Assignment of Intellectual Property Rights in Employment Contractsbaystatenew
Intellectual Property, namely patents, trademarks and copyrights are some of a company’s most valuable business assets, and accordingly, care should be taken to ensure that there is a clear chain of title with respect to ownership of these assets and that it is identified and determined at the onset of these creations. Unfortunately, there are many instances where ownership issues arises due to either poor planning on the part of the company, vague definitions as to what qualifies as a company asset and/or failure to have the necessary documents in place to automatically transfer an employee’s contribution directly to the company.
Imagine a situation in which a small sized company has an employee that conceives of a new invention that is outside of the scope of the company’s business however the company is interested in now developing the invention. Imagine another situation, where a marketing group is tasked with creating a new slogan and brand ahead of their next product release. Now imagine, that in each of these situations, if an employment contract even exists, there is no mention about who owns any intellectual property created during the employment, or any disclosure requirements about a new invention, or logo etc.
Under the United States Patent System, all inventions are initially owned by the inventors that were responsible for conceiving and reducing the invention to practice.

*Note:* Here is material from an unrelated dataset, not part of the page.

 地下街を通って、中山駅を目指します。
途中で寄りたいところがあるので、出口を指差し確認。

Furthermore, upon submission of a Patent application, all inventors must be listed on the application. Trademark applications may be submitted by an individual, a partnership or a company; finally copyright applications must list the author of the work that was created. As such, there is no getting around the fact that unless the transfer of intellectual property rights is clearly defined, that a company may not end up owning the creation.
In spite of all of these potential pitfalls with ownership, there are some simple steps that a company may take to ensure that any and all patents, trademarks and copyrights are conveyed to the company at the time of creation, and that the company owns all rights that may result from a patent application, trademark application and/or copyright application.
First, it is imperative for a company to have a standard employment contract for each new employee to sign prior to undertaking any projects. Second, well an employment contract is important, if the contract is void of any sections that address intellectual property, and specifically an assignment of intellectual property rights clause, then you will still run into some of the same problems.
A sample assignment of intellectual property rights clause may read as follows:
Assignment of Inventions. I agree to disclose promptly and fully to the Company and to no one else any Development that results from tasks assigned to me by the Company or results from the use of the Company’s time, materials or facilities at any time or times during my employment, whether such Development is made, conceived, discovered or reduced to practice alone or with another. Such Developments and the benefits thereof shall immediately become the sole and absolute property of the Company. I hereby assign any rights I may have or acquire in the Developments and benefits and/or rights resulting therefrom to the Company without further compensation and shall communicate, without cost or delay, and without publishing the same, all available information relating thereto (with all necessary plans and models) to the Company. The determination as to whether an invention is in the Company’s business or field of interest will be made solely by an authorized representative of the Company.
The above provides some of the core language that should be present in these sections, especially mentioning that the employee “hereby assigns any rights”. Therefore, utilizing some version of the above clause will help avoid issues that may arise with the intellectual property of a company.